Mosque building brings Islamophobia fears to Poland

Mosque building brings Islamophobia fears to Poland

In a sight familiar in some west European countries but new to Poland, dozens of protesters demonstrated in a Warsaw suburb last weekend against the construction of a mosque.

Plans by Poland's tiny Muslim community to build a place of worship and an Islamic cultural centre face opposition in a sign that concerns about Islam may be spreading eastwards to the staunchly Catholic European Union member.

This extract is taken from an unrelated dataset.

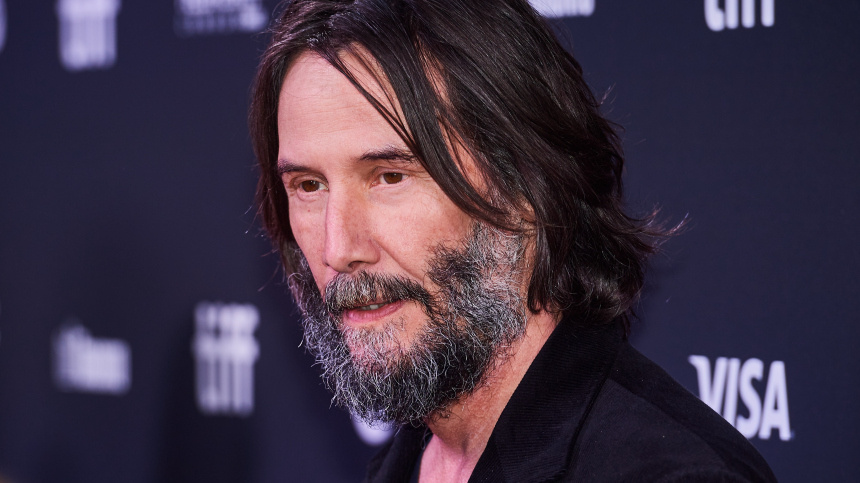    Фото: www.globallookpress.com/Sammy Kogan; 5-tv.ru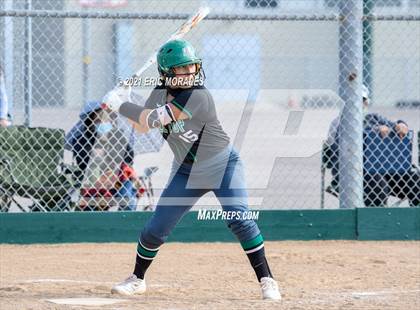 Thumbnail 2 in Clairemont @ Hilltop photogallery.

Between 15,000 and 30,000 Muslims, many of them immigrants from Chechnya, live in Poland -- the biggest ex-communist EU state where more than 90 percent of the 38-million population declare themselves Catholics. Some 150 people protested at the half-finished building site, a 30-minute drive from the city center, where the Muslim League, a religious organization established in Poland in 2004 is building what will be only the country's fifth mosque with government permission. "Such centers are very often sources of radicalization," said one protester, who like most of the demonstrators was happy to be filmed but unwilling to give his name.

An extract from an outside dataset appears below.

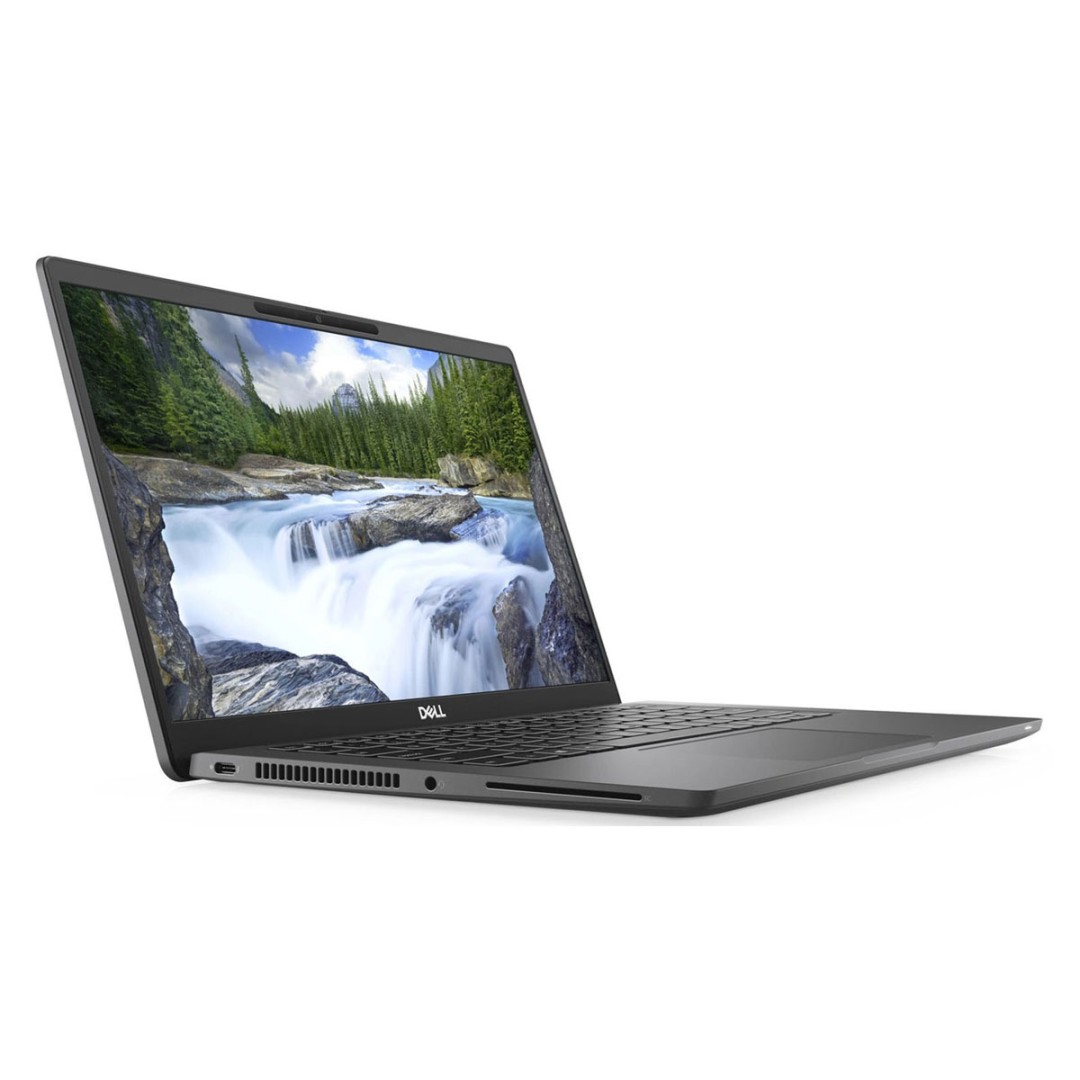 Dell Latitude 7420 | 11e Gen Intel® Core™ Processor | 14.0 inch FHD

He brandished a banner depicting minarets as missiles that resembled a stark image used in a Swiss referendum when electors voted last year to ban new minarets. Others chanted "Let's not repeat Europe's mistakes" and "Blind tolerance kills common sense", and demanded that Muslim countries respect women's rights and religious freedom. “Look at what's happening in Europe, I don't want my daughter to be forced to wear a burka in the future," a male protester said of the all-covering full-length veil which is the object of fierce debate in France.

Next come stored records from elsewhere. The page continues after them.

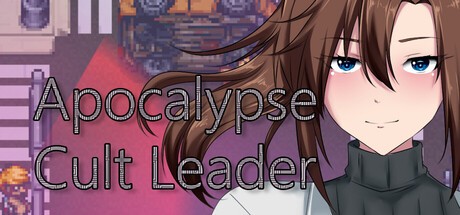 Games like Apocalypse Cult Leader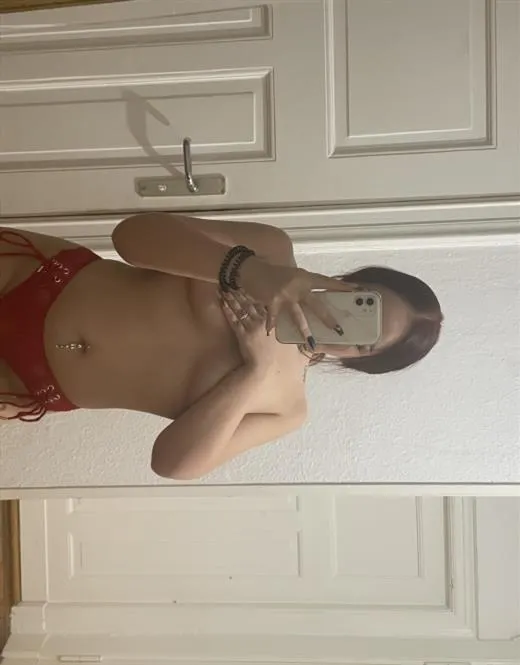 Escort Model Monoara, Rennes - 2507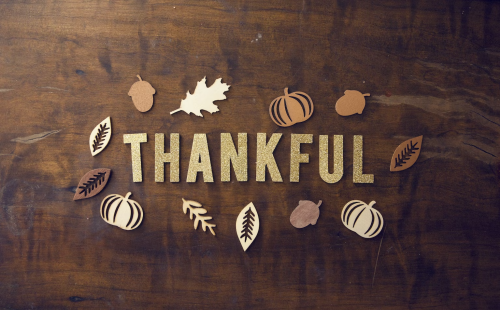 image_1696809139.png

A Belgian parliamentary committee voted this week to ban the wearing in public places of the burqa and the niqab, a similar garment in which only a woman's eyes are visible. "I lived in a town in Poland where there were Catholic churches, a synagogue and a mosque and that was fine. But if I go to Saudi Arabia, I cannot wear my medallion and churches where I could pray are banned," said a woman demonstrator.